Ulysses is not an easy book to read, even today a hundred years after its appearance. It is dense and does not unfold like stories told before it. Joyce was breaking new ground in a way that he thought would serve his artistic purpose. His use of the dialogue of inner consciousness went farther than others doing the same at the time. Everything about it broke ranks with what had come before it in English literature. Joyce was a master literary magician, and the world he conjured up in Ulysses changed literature forever. It has “kept the professors guessing for a hundred years,” as Joyce famously predicted. The seminal nature of Ulysses became evident during the decades after its appearance, when professorships and chairs dedicated to James Joyce were established in prestigious universities around the globe. With all these centers of learning, criticism of Ulysses was widespread and varied to the point where over the years its extremes reached absurdity. It expanded and then collapsed back in upon itself, and today Joyce is just another dead white European male, made irrelevant and committed to the dustbin of literary history.

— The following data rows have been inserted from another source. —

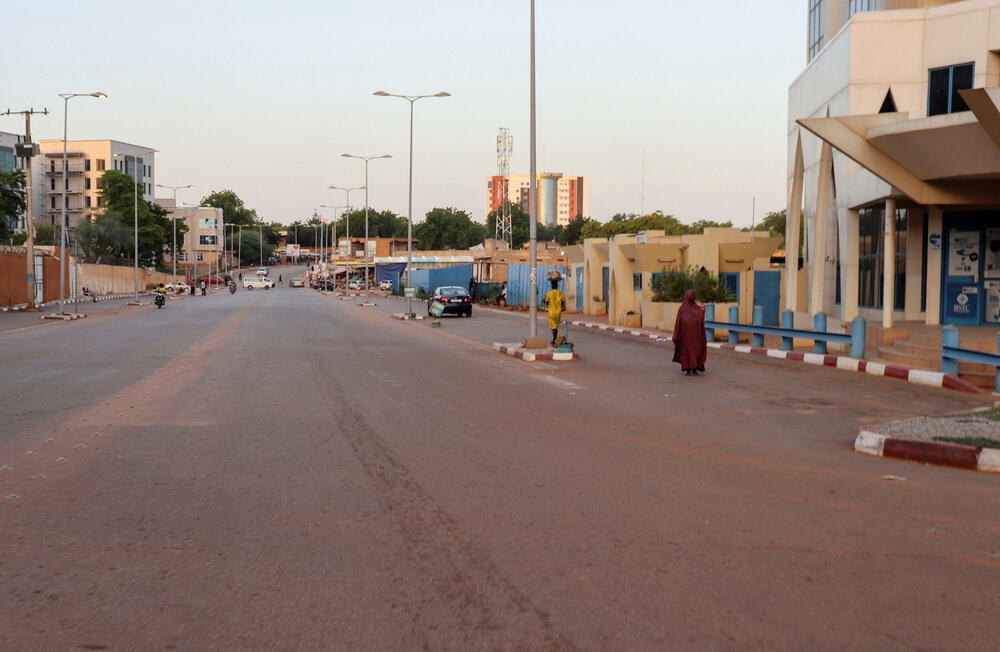 <p>Napad je ukazao na tenzije unutar oružanih snaga Nigera, koje su pretrpjele niz gubitaka na bojnom polju u borbama protiv zapadnoafričkih ogranaka Al Kaide i Islamske države</p>
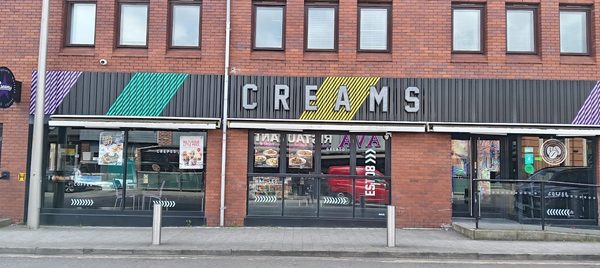 Creams Cafe
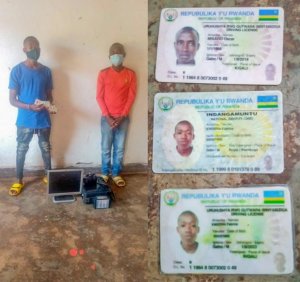 Rusizi: Polisi yafatiye mu cyuho abasore bato bakoraga impushya mpimbano zo gutwara ibinyabiziga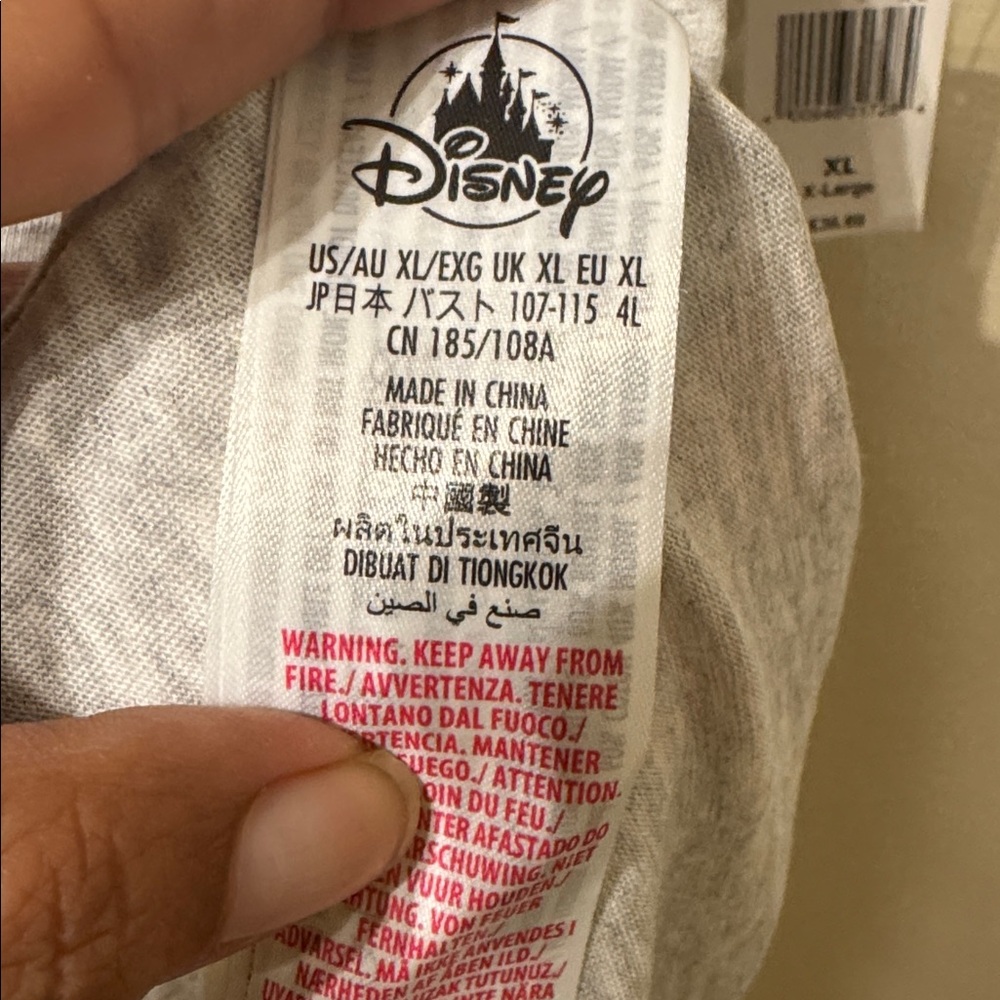 Grey Disney Short Sleeve Crew Neck I Love Mickey Mouse Heart Hands Shirt XL NWT - Picture 6 of 7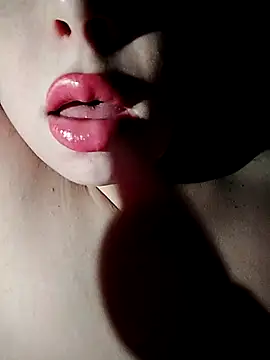 Loveyoudearxq online show from November 2025 02:39:01 PM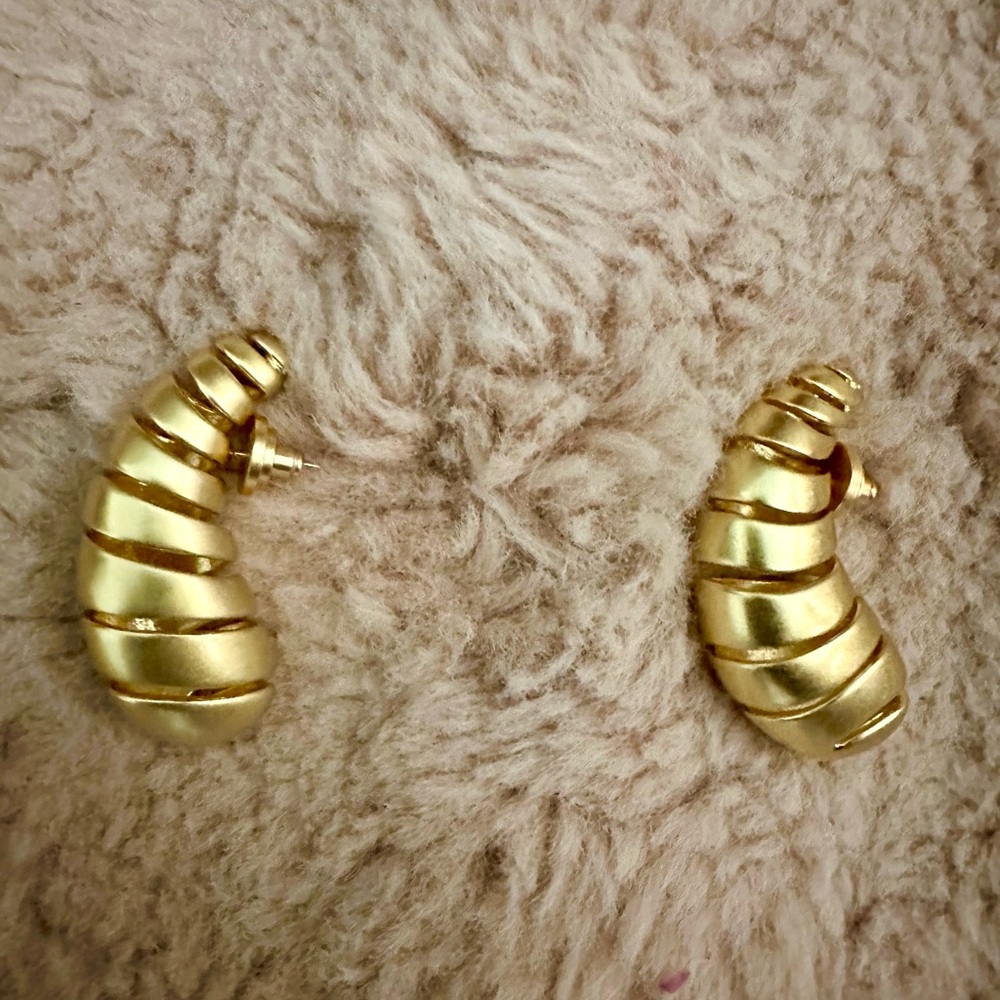 Unique KHOI Toka Earrings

One of the reasons Ulysses and other monumental literary achievements by dead white males are ignored today, is that few if any can create anything with similar artistic merit. Today, the default reaction to that reality is to claim that the playing field is tilted. Keep that in mind when considering the reality facing the great writers of the early twentieth century such as Joyce. They were following the great Russian novelists. If ever there was a time when aspiring writers should have hung up their pens thinking “what’s the point,” it was then. They tried regardless, and the world of literature is richer for it. Strive to surpass the best that came before you. Who would have thought that this simple truth would need to be relearned in 2023? Here we will be dedicated to resurrecting the dead white males, and females, and black and tan and all who strove and sometimes emulated and sometimes surpassed others who came before them.
The project at hand is a series dealing with Jewish themes in Ulysses.
Some of the topics:
The Jewishness of Leopold Bloom. He was not Jewish and Joyce goes to great lengths demonstrating that fact, while knowing that readers, Jewish and non-Jewish alike, would consider him a Jew.
The Treatment of Antisemitism in Ulysses. The Citizen, and Joyce’s deconstruction of Jew-hatred.
The Jewish Structure of Ulysses. I propose a Jewish schemata, like Linati’s and Ellman’s, based on the structure of the Jewish prayer, the Amida.
It will be fun. The first installment will be in a week. Join me!
I am embarrassed to admit that I haven't read Ulysses. I ordered it from the library and it is now ready for collection. I was half thinking of declining to collect it, but your article has intrigued me, so I shall have to gird my loins and start reading
I've tried to read Ulysses many times. Could be I'm shallow-brained, but I find the style so dense as to exclude me. Still, I'm intrigued by a future analysis of Jewish themes in the work. Before you begin publishing, may I ask what interest James Joyce had in Jews, or Jew-hatred? If that's known.